▶ **WHAT YOU NEED TO DO**:
Take the data below and copy exactly the lines starting at the one with "2019-2020学年部编版" and finishing at the one with "3D пластиковий матовий", both included.

▶ **EXERCISE DATA**:
○ ○ ○
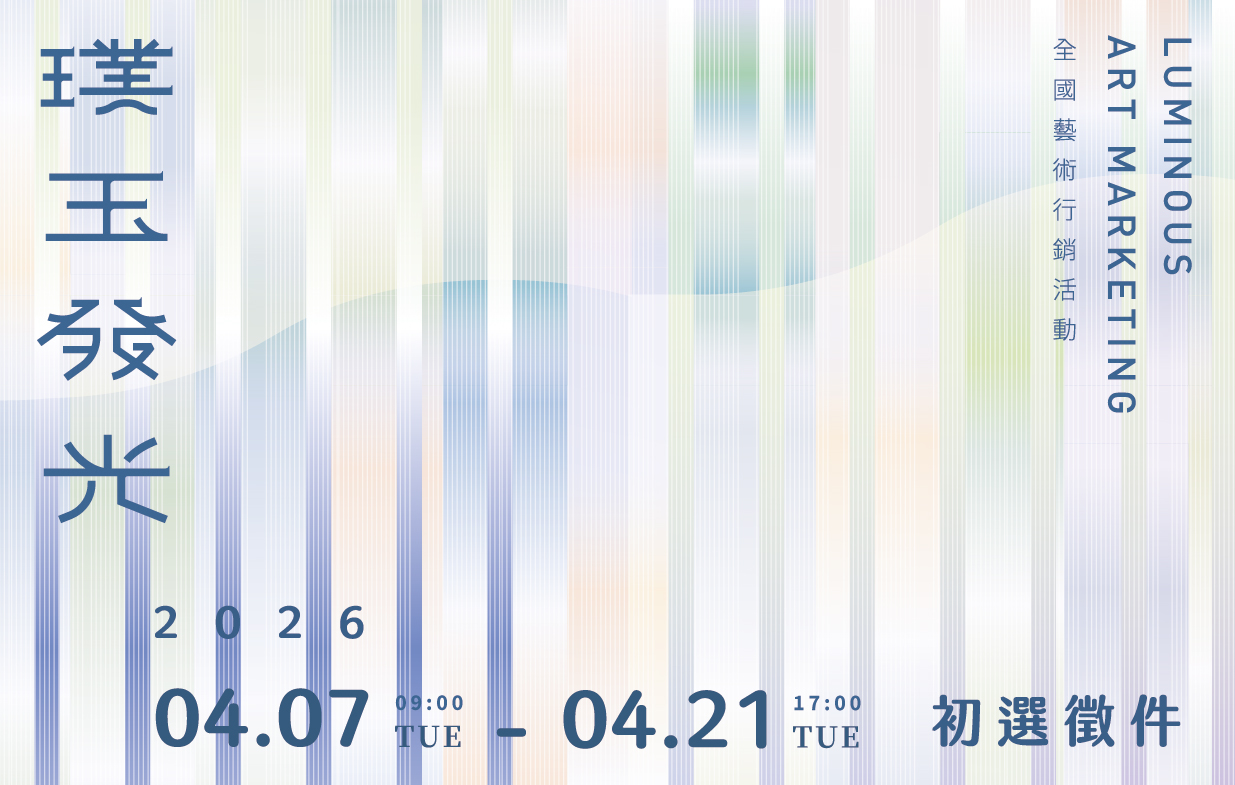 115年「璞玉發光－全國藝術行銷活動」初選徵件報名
○ ○ ○
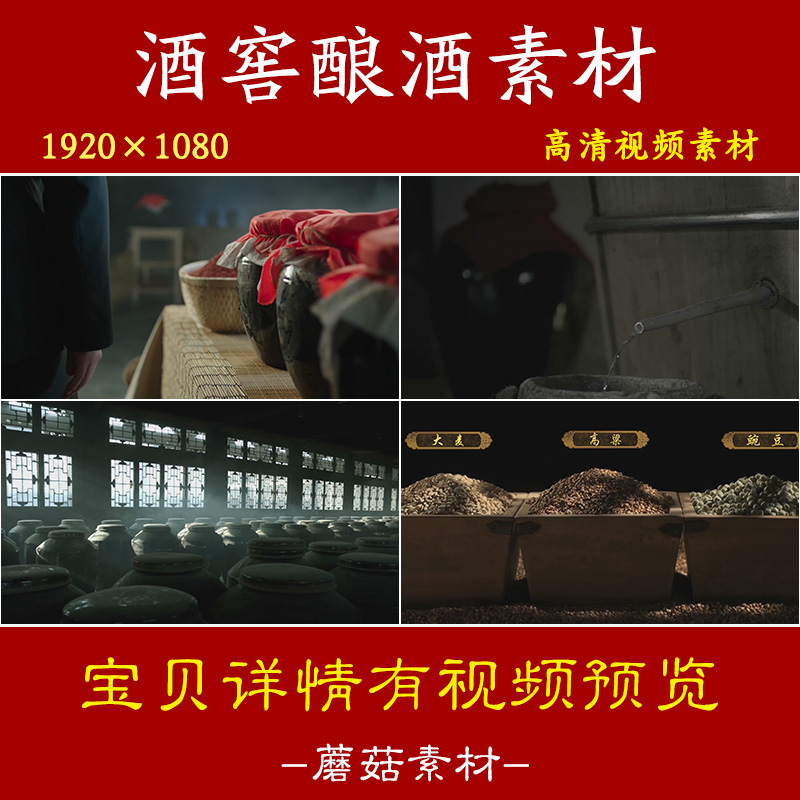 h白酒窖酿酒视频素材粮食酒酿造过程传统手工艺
○ ○ ○
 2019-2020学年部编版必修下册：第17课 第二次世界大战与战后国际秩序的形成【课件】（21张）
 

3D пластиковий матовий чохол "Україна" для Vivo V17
○ ○ ○
▶ **RESPONSE AREA**:
 2019-2020学年部编版必修下册：第17课 第二次世界大战与战后国际秩序的形成【课件】（21张）
 

3D пластиковий матовий чохол "Україна" для Vivo V17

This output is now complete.